I can confirm that on PVE 8.4.12 the Kernel 6.8.12-11-pve solves the memory leak. Kernel 6.8.12-12 and -13 are already affected by the leak.
I manage another 3-node cluster on PVE 9.0.6 with Kernel 6.14.11-1-pve and do not see any leaks here but unfortunately on this cluster there isn't that much load to give a well-founded assessment
 
Confirmation from my setup (PVE 9.0.9, 5 nodes, AMD EPYC 9124, 192 GB RAM, 6× Samsung PM9A3 U.2, Intel Ethernet Network Adapter E810-CQDA2 Dual port 100 GbE (QSFP28) PCIe 4.0 ×16, LP):


  • ZFS only for boot, ARC capped with zfs_arc_max=1G. Main storage is Ceph.

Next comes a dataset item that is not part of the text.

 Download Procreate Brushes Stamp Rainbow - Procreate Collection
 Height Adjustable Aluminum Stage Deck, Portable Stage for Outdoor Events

  • With Ceph mostly idle, there is no memory leak or it is extremely small.
  • When running DiskSpd tests on Windows Server 2025 VMs, the leak appears: the more intensive the tests (or the more VMs I run in parallel), the faster the memory leak fills up all RAM across nodes. Userspace looks clean → this is a kernel/slab leak.
  • Downgrading and pinning kernel 6.8.12-11 fully resolves the issue. Under the same workload, memory stays stable.
 
Thanks for all the information everyone - this is very useful for us. At the moment we think that the memory leaks might be network-related, and with Ceph causing a lot of network traffic, we think this might be the reason why the memory leaks seem to be so extreme. To confirm whether this is true, could you please tell us (if you didn't already tell us above):
  1. Whether you're using Ceph.
  2. Which NIC is used for Ceph (exact NIC model). If multiple NICs are used (e.g. for public/cluster network, or bondings), please tell us the information for all used NICs.
  3. Which driver is used for the NIC (you can find that by checking the output of lspci -nnk and checking "Kernel driver in use").
  4. EDIT (new addition): Which MTU the network interfaces for Ceph are using.

Thanks!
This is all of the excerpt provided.